Die Umpersonalisierung ist andererseits mit einem gewissen Aufwand verbunden, von heute auf morgen kann Eventim einem solchen Antrag nicht nachkommen. Das heißt auch: Wer sich ganz kurzfristig entscheidet, sein Ticket zu verkaufen, hat ein Problem. Zwar heißt es, eine Umpersonalisierung sei "auch am Showtag vor Ort möglich", doch nur "im Ausnahmefall". Wer außerdem nicht am Veranstaltungsort wohnt, müsste letztlich doch dorthin reisen, obwohl ja gerade kein Interesse am Konzert mehr besteht.
Einfach zurückgeben lassen sich die Karten auch nicht. Die Gründe, aus denen der Anbieter eine Rückgabe zulässt, sind eng abgesteckt – und der Verweis auf die Vorwürfe ist gerade nicht erfasst. Eine missliche Situation. Es ist keineswegs das erste Mal, dass Vorwürfe gegen Stars erhoben werden und Fans daraufhin Karten abgeben möchten. Daher wäre es wünschenswert, dass Eventim und Co. dies für die Zukunft gesondert regeln.
Dem Weiterverkauf voran geschaltet ist aber natürlich eine persönliche Abwägung. Sex und Gewalt spielen in Rammstein-Texten eine große Rolle, was es eigentlich unmöglich macht, die Anschuldigungen auch nur für zwei Stunden zu vergessen. Zwar wurde der Song "Pussy" jetzt von der Setlist gekickt (inklusive Penis-Kanone), "Du riechst so gut" performt die Band aber nach wie vor. Bei Rammstein ging es immer auch um Provokation, nun wird Frontmann Till Lindemann genau davon eingeholt.
Mit dem Weiterverkauf von Karten setzen Fans (beziehungsweise ehemalige Fans) allerdings erst einmal "nur" ein Zeichen für sich selbst, denn: Sobald ein Ticket erstmalig verkauft ist, steht das Geschäft.

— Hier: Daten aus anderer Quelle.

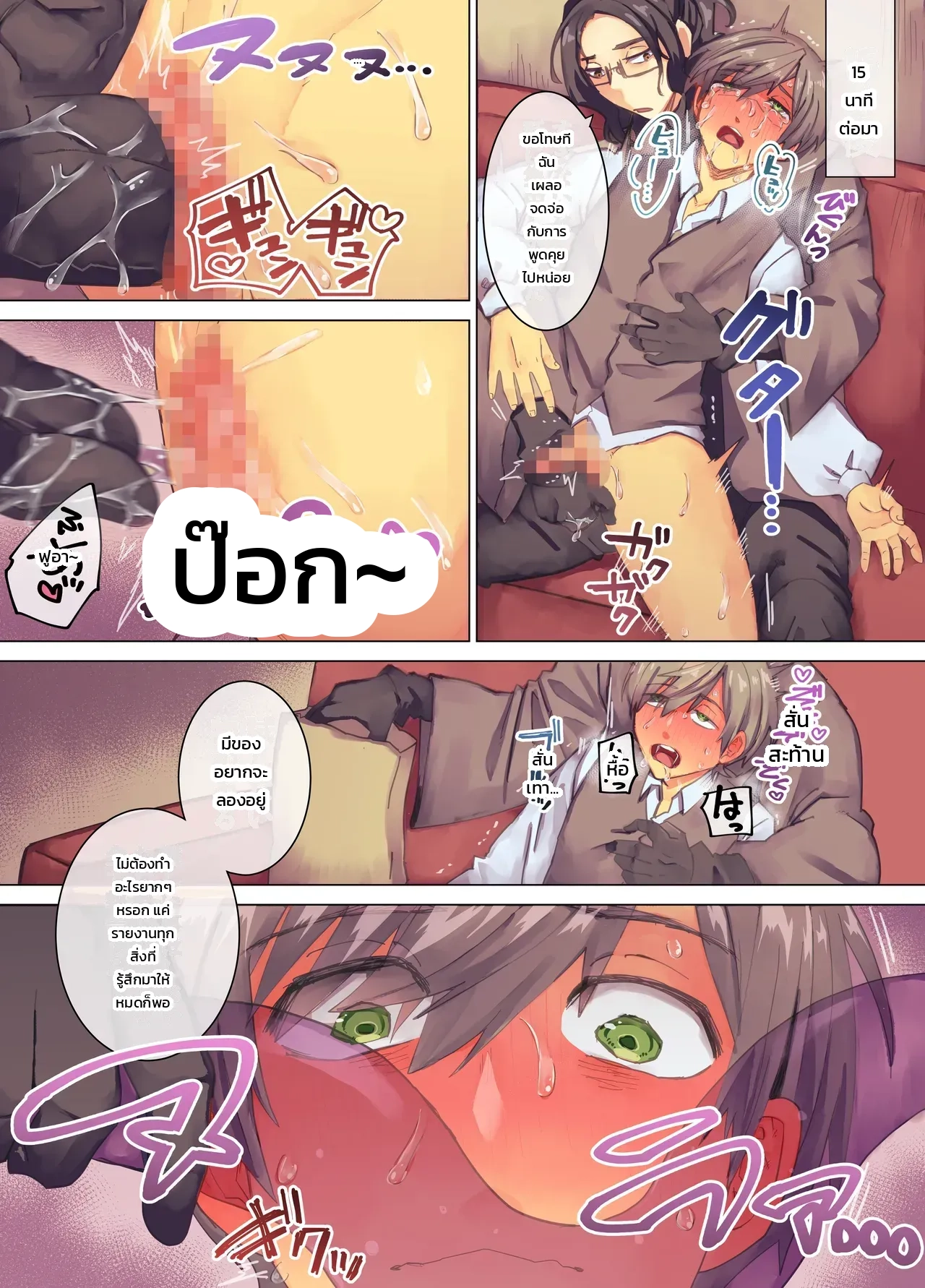 หน้า 23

Der Band und dem Veranstalter ist es letztendlich egal, wer zum Konzert kommt.
Eine Option ist es natürlich, die Karte schlicht verfallen zu lassen und nicht weiterzuveräußern, womit ein persönliches finanzielles Opfer erbracht wird. Würden das viele Menschen tun, fiele irgendwann auf, dass Lücken auf den Plätzen im Stadion bleiben, obwohl die Show offiziell ausverkauft ist. Diverse Medien würden es wohl aufgreifen. Auch hier gilt aber: Das Geld ist schon geflossen.
Bei der Abwägung ist vor allem eines wichtig: Die Anschuldigungen ernst zu nehmen. Dies betont auch die Band selbst in einem Statement, in dem es heißt:
Im nächsten Satz merken die Musiker dann an, dass auch sie das Recht haben, nicht vorverurteilt zu werden.

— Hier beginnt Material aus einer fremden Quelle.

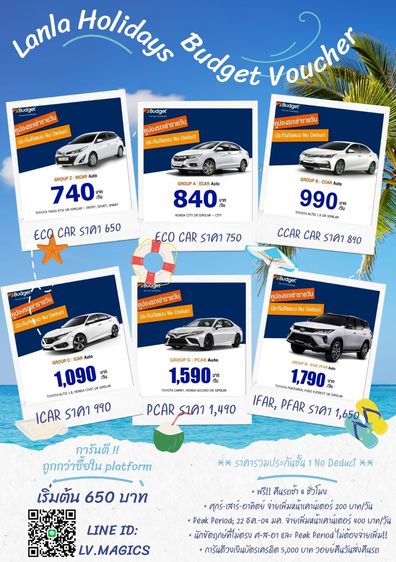 (ถูกที่สุด) คูปองรถเช่ารายวัน Budget GroupW ประกันชั้น1 no deduct  รูปที่ 7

Die Unschuldsvermutung ist ein zentraler Bestandteil des Rechtssystems, wird von Fans jedoch teilweise falsch interpretiert, nach der Devise: Wenn kein gerichtlicher Schuldspruch vorliegt, muss und "darf" mich das Ganze als Einzelperson nicht interessieren. Die Unschuldsvermutung verbietet aber gerade nicht, sich privat in den Fall einzulesen und persönliche Konsequenzen zu ziehen. Also zum Beispiel, den Entschluss zu fassen, Rammstein nicht mehr live sehen zu wollen.
Als spannend erweist sich der Blick in die Zukunft. Manche Fans gehen vor allem deshalb noch zu den Konzerten, weil Anfahrt und Unterkunft bereits seit Langem gebucht waren. Sie haben ein mulmiges Gefühl. Werden sie auch bei der nächsten Tour dabei sein, sollte es noch eine geben? Fraglich.
Wie viel Kredit die Band durch die Vorwürfe gegen Lindemann letztendlich eingebüßt hat, wird sich demnach bei künftigen Auftritten, für die es jetzt noch keine Karten gibt, wohl sehr viel klarer zeigen als im Moment.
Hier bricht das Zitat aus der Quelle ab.